Problem Set 11

(15.6) GPS Satellites and Relativity

(a) How fast do GPS satellites travel?

🛰️ GPS satellites stay in orbit because gravity pulls them inward while they move sideways fast enough to fall around the Earth. We use the orbital velocity formula:

Set centripetal force equal to gravitational force:

\[ \frac{mv^2}{r} = \frac{GMm}{r^2} \quad \Rightarrow \quad v = \sqrt{\frac{GM}{r}} \]

\[ v = \sqrt{\frac{GM}{r}} \]

Gravitational constant: \( G = 6.67 \times 10^{-11} \, \text{m}^3/\text{kg}/\text{s}^2 \)
Earth’s mass: \( M = 5.97 \times 10^{24} \, \text{kg} \)
Earth’s radius: \( R_E = 6.37 \times 10^6 \, \text{m} \)
Altitude of satellite: \( h = 2.018 \times 10^7 \, \text{m} \)
Total orbital radius: \( r = R_E + h = 2.6558 \times 10^7 \, \text{m} \)

Substitute into the equation: \[ v = \sqrt{\frac{6.67 \times 10^{-11} \cdot 5.97 \times 10^{24}}{2.6558 \times 10^7}} \approx 3.87 \times 10^3 \, \text{m/s} \]

Conclusion: GPS satellites travel at about 3.87 km/s.

(b) What is their orbital period?

Imagine a GPS satellite zooming around the Earth way up in space.

To find how long one trip around the Earth takes, we use a simple idea:

If you know how far something has to go, and how fast it’s moving,

you can figure out how long it takes!

The Formula:

We use this equation:

\[ \text{Time} = \frac{\text{Distance}}{\text{Speed}} \]

The distance is one full circle around Earth, so we use:

\[ \text{Distance} = 2\pi r \]

\( r = 26,\!558,\!000 \, \text{m} \) (the satellite's distance from Earth's center)
\( v = 3,\!870 \, \text{m/s} \) (the satellite's speed)

Plug in the numbers:

\[ T = \frac{2\pi \cdot 26,\!558,\!000}{3,\!870} \approx 43,\!100 \, \text{seconds} \]

How long is that in hours?

\[ \frac{43,\!100}{3600} \approx 11.96 \, \text{hours} \]

Final Answer:

A GPS satellite takes about 12 hours to go around the Earth once.

That means it completes two full orbits every day!

(c) Special-relativistic correction: which clock goes slower?

Einstein told us something really surprising:

Time goes slower for things that move really fast!

This is called special relativity.

GPS satellites move very fast — over 3,800 meters every second!

From our point of view on Earth, their clocks tick just a little bit slower than ours.

We use a formula to figure out how much slower:

\[ \Delta t = \frac{1}{2} \left( \frac{v}{c} \right)^2 \cdot T \]

\( v = 3,\!870 \, \text{m/s} \) → the satellite’s speed
\( c = 300,\!000,\!000 \, \text{m/s} \) → the speed of light
\( T = 43,\!100 \, \text{seconds} \) → time for one full orbit

Plug in the numbers:

\[ \Delta t = \frac{1}{2} \left( \frac{3,\!870}{300,\!000,\!000} \right)^2 \cdot 43,\!100 \approx 3.59 \, \mu\text{s} \]

This means the clock on the GPS satellite ticks 3.59 microseconds slower than clocks on Earth during each orbit.

Final Answer:

The satellite clock loses about 3.6 millionths of a second every orbit just because it’s moving fast.
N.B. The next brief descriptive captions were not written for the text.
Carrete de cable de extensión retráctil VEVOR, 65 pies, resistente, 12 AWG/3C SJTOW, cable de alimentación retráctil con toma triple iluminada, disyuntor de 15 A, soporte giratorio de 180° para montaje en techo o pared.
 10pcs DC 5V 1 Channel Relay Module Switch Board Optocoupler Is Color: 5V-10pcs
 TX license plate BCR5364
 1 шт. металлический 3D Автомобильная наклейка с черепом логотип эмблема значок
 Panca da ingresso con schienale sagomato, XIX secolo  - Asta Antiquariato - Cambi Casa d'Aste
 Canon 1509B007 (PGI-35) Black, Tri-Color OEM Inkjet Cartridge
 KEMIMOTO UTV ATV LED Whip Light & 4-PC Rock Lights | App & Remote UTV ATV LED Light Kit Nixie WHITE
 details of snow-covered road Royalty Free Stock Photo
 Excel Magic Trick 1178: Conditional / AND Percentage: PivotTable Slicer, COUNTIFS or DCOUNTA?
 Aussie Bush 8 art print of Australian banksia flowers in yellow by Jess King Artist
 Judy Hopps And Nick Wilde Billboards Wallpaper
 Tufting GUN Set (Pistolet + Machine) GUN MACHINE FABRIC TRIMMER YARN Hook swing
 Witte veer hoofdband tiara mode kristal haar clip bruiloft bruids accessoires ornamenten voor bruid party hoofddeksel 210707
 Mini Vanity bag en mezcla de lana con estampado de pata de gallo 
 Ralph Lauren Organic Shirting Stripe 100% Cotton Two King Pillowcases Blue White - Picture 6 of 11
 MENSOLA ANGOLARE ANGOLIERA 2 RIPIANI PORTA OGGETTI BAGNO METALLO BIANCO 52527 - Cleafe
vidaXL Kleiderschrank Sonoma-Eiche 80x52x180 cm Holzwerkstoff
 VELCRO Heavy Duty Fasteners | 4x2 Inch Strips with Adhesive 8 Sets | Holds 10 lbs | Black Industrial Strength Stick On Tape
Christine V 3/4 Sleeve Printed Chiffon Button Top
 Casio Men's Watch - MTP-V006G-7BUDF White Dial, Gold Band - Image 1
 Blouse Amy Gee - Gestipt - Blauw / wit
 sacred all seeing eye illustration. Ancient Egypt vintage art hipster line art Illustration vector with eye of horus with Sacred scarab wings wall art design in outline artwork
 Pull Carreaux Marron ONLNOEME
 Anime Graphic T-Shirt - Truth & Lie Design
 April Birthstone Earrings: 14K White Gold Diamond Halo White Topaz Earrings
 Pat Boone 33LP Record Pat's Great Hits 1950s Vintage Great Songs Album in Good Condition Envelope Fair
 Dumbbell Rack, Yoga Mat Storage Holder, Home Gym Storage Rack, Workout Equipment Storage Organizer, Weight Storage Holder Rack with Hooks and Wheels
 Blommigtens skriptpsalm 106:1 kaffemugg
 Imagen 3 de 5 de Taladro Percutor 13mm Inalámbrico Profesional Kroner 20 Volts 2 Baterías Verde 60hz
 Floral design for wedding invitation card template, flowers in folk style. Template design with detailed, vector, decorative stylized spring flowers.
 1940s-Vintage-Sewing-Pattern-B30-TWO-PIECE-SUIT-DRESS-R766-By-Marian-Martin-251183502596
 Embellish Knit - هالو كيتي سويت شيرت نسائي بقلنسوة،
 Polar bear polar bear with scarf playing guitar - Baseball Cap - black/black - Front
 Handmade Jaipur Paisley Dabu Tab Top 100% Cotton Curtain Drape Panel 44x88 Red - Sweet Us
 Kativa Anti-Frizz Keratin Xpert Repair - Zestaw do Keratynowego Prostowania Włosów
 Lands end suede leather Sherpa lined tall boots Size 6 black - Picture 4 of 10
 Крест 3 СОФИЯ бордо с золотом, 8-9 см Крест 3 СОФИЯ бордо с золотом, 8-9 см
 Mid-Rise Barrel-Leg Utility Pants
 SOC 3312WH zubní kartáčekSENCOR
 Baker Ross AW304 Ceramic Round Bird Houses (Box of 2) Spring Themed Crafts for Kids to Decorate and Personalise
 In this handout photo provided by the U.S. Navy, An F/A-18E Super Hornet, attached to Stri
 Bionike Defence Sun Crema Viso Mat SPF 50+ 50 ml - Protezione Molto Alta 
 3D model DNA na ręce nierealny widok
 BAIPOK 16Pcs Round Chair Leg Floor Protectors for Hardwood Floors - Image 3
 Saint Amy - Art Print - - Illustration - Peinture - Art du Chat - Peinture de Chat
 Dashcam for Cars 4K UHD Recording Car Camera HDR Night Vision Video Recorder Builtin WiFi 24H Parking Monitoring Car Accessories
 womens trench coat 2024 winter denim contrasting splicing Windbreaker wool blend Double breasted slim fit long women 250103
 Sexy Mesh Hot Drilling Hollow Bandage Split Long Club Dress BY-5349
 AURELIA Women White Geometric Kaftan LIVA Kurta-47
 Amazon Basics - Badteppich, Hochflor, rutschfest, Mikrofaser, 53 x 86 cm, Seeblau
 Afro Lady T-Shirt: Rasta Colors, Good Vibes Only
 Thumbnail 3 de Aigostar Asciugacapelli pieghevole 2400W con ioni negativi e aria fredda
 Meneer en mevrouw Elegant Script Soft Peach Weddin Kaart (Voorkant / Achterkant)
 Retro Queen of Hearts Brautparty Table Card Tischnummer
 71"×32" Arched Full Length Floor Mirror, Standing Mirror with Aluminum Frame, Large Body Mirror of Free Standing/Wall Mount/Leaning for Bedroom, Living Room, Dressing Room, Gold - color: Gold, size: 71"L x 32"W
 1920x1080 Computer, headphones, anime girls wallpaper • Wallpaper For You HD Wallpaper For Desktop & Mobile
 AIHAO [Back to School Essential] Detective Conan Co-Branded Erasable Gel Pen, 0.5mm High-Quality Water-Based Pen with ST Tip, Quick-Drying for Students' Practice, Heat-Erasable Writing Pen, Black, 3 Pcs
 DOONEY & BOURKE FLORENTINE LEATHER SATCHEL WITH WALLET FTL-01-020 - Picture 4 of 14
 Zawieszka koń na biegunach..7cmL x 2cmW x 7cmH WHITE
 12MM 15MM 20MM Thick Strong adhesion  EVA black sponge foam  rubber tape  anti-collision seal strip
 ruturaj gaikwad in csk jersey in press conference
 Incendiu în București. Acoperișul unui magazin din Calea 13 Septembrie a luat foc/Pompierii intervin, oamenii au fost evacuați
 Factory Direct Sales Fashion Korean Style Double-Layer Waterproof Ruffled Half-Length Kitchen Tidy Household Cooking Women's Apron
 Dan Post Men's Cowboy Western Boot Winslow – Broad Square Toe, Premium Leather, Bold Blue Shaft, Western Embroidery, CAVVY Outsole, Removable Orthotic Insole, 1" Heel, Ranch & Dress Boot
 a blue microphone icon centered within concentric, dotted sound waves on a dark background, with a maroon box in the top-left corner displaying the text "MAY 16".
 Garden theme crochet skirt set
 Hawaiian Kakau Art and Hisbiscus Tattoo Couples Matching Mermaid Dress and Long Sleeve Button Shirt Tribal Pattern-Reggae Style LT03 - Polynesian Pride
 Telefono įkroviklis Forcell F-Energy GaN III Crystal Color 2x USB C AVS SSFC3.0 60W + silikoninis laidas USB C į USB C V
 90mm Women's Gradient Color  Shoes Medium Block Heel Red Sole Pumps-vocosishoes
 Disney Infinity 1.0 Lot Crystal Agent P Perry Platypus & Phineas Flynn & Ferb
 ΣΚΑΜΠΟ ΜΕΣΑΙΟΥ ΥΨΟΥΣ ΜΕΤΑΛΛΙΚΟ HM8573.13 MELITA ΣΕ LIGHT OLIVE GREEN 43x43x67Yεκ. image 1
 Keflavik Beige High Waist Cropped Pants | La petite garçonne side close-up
That’s super tiny — but for GPS, even this matters a lot!

(d) General-relativistic correction: which clock goes slower?

Einstein had another amazing idea:

Gravity also slows down time!

This is called general relativity.

The closer you are to Earth, the slower time goes.

So:

Clocks on Earth tick slower
Clocks in orbit tick faster

Why? Because the satellite is farther from Earth's gravity, so time runs a little faster for it.

The formula to calculate the difference is:

\[ \Delta t = \left( \frac{GM}{R_E c^2} - \frac{GM}{r c^2} \right) \cdot T \]

\( GM = 3.99 \times 10^{14} \, \text{m}^3/\text{s}^2 \)
\( R_E = 6.37 \times 10^6 \, \text{m} \)
\( r = 2.6558 \times 10^7 \, \text{m} \)
\( c = 3 \times 10^8 \, \text{m/s} \)
\( T = 43,\!100 \, \text{s} \)

Plug in the numbers:

\[ \Delta t \approx 2.28 \times 10^{-5} \, \text{seconds} = 22.8 \, \mu\text{s} \]

Final Answer:

Because Earth’s gravity is stronger at the surface, clocks on Earth tick slower.

The satellite clock ticks about 22.8 microseconds faster per orbit than a clock on Earth!